[Work order]
All entries below are to be duplicated verbatim.

[Material provided]
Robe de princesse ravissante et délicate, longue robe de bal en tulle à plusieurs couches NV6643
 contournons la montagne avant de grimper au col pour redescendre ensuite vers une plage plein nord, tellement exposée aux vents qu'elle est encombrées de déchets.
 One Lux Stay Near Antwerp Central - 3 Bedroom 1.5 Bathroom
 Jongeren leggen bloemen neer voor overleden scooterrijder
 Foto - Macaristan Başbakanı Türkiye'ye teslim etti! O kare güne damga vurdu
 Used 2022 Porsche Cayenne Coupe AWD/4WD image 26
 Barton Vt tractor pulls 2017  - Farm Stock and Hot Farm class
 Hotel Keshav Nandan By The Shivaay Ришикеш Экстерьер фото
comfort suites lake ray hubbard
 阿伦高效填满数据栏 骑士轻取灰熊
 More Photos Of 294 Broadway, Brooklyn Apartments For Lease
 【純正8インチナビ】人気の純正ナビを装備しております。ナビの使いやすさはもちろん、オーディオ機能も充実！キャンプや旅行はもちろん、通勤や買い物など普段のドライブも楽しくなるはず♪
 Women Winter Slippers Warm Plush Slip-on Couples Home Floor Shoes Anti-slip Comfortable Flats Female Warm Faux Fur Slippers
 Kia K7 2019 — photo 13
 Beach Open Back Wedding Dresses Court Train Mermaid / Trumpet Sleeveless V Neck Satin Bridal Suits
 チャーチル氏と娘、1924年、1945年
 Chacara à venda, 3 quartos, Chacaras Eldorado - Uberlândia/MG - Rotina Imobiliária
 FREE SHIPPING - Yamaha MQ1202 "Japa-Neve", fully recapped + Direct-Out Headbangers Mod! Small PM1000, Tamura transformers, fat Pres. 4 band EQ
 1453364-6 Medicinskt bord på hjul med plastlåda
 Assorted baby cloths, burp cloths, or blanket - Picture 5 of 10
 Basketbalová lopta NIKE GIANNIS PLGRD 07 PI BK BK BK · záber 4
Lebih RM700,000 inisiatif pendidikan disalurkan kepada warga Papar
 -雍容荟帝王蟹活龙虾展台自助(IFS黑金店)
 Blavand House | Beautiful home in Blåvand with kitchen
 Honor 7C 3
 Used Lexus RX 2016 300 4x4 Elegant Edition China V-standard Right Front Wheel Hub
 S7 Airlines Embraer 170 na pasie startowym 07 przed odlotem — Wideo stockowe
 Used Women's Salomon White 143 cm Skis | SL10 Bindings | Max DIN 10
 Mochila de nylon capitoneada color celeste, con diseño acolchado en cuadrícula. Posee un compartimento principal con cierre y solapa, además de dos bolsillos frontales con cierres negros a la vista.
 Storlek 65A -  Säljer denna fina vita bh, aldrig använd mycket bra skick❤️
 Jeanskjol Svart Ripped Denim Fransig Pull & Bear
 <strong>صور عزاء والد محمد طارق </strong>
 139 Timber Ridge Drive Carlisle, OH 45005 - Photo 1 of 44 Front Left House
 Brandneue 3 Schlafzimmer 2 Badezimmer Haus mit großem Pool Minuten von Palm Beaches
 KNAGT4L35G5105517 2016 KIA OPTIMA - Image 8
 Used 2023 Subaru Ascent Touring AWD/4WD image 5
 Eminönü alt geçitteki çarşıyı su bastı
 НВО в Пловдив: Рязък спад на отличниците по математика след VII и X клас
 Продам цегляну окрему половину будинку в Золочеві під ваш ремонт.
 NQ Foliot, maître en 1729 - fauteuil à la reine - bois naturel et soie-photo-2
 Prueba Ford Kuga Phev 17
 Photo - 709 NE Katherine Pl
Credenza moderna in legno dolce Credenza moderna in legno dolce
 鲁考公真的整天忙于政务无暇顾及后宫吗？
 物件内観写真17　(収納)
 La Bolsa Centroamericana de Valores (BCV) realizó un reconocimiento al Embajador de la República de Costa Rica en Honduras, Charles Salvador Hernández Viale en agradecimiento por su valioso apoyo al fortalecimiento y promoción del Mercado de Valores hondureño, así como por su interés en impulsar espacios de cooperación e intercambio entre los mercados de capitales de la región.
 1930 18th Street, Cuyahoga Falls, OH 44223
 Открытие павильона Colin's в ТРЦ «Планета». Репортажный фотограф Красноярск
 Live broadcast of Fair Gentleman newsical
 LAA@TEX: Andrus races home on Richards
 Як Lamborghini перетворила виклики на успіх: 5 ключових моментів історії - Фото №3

[Result for this exercise]
Robe de princesse ravissante et délicate, longue robe de bal en tulle à plusieurs couches NV6643
 contournons la montagne avant de grimper au col pour redescendre ensuite vers une plage plein nord, tellement exposée aux vents qu'elle est encombrées de déchets.
 One Lux Stay Near Antwerp Central - 3 Bedroom 1.5 Bathroom
 Jongeren leggen bloemen neer voor overleden scooterrijder
 Foto - Macaristan Başbakanı Türkiye'ye teslim etti! O kare güne damga vurdu
 Used 2022 Porsche Cayenne Coupe AWD/4WD image 26
 Barton Vt tractor pulls 2017  - Farm Stock and Hot Farm class
 Hotel Keshav Nandan By The Shivaay Ришикеш Экстерьер фото
comfort suites lake ray hubbard
 阿伦高效填满数据栏 骑士轻取灰熊
 More Photos Of 294 Broadway, Brooklyn Apartments For Lease
 【純正8インチナビ】人気の純正ナビを装備しております。ナビの使いやすさはもちろん、オーディオ機能も充実！キャンプや旅行はもちろん、通勤や買い物など普段のドライブも楽しくなるはず♪
 Women Winter Slippers Warm Plush Slip-on Couples Home Floor Shoes Anti-slip Comfortable Flats Female Warm Faux Fur Slippers
 Kia K7 2019 — photo 13
 Beach Open Back Wedding Dresses Court Train Mermaid / Trumpet Sleeveless V Neck Satin Bridal Suits
 チャーチル氏と娘、1924年、1945年
 Chacara à venda, 3 quartos, Chacaras Eldorado - Uberlândia/MG - Rotina Imobiliária
 FREE SHIPPING - Yamaha MQ1202 "Japa-Neve", fully recapped + Direct-Out Headbangers Mod! Small PM1000, Tamura transformers, fat Pres. 4 band EQ
 1453364-6 Medicinskt bord på hjul med plastlåda
 Assorted baby cloths, burp cloths, or blanket - Picture 5 of 10
 Basketbalová lopta NIKE GIANNIS PLGRD 07 PI BK BK BK · záber 4
Lebih RM700,000 inisiatif pendidikan disalurkan kepada warga Papar
 -雍容荟帝王蟹活龙虾展台自助(IFS黑金店)
 Blavand House | Beautiful home in Blåvand with kitchen
 Honor 7C 3
 Used Lexus RX 2016 300 4x4 Elegant Edition China V-standard Right Front Wheel Hub
 S7 Airlines Embraer 170 na pasie startowym 07 przed odlotem — Wideo stockowe
 Used Women's Salomon White 143 cm Skis | SL10 Bindings | Max DIN 10
 Mochila de nylon capitoneada color celeste, con diseño acolchado en cuadrícula. Posee un compartimento principal con cierre y solapa, además de dos bolsillos frontales con cierres negros a la vista.
 Storlek 65A -  Säljer denna fina vita bh, aldrig använd mycket bra skick❤️
 Jeanskjol Svart Ripped Denim Fransig Pull & Bear
 <strong>صور عزاء والد محمد طارق </strong>
 139 Timber Ridge Drive Carlisle, OH 45005 - Photo 1 of 44 Front Left House
 Brandneue 3 Schlafzimmer 2 Badezimmer Haus mit großem Pool Minuten von Palm Beaches
 KNAGT4L35G5105517 2016 KIA OPTIMA - Image 8
 Used 2023 Subaru Ascent Touring AWD/4WD image 5
 Eminönü alt geçitteki çarşıyı su bastı
 НВО в Пловдив: Рязък спад на отличниците по математика след VII и X клас
 Продам цегляну окрему половину будинку в Золочеві під ваш ремонт.
 NQ Foliot, maître en 1729 - fauteuil à la reine - bois naturel et soie-photo-2
 Prueba Ford Kuga Phev 17
 Photo - 709 NE Katherine Pl
Credenza moderna in legno dolce Credenza moderna in legno dolce
 鲁考公真的整天忙于政务无暇顾及后宫吗？
 物件内観写真17　(収納)
 La Bolsa Centroamericana de Valores (BCV) realizó un reconocimiento al Embajador de la República de Costa Rica en Honduras, Charles Salvador Hernández Viale en agradecimiento por su valioso apoyo al fortalecimiento y promoción del Mercado de Valores hondureño, así como por su interés en impulsar espacios de cooperación e intercambio entre los mercados de capitales de la región.
 1930 18th Street, Cuyahoga Falls, OH 44223
 Открытие павильона Colin's в ТРЦ «Планета». Репортажный фотограф Красноярск
 Live broadcast of Fair Gentleman newsical
 LAA@TEX: Andrus races home on Richards
 Як Lamborghini перетворила виклики на успіх: 5 ключових моментів історії - Фото №3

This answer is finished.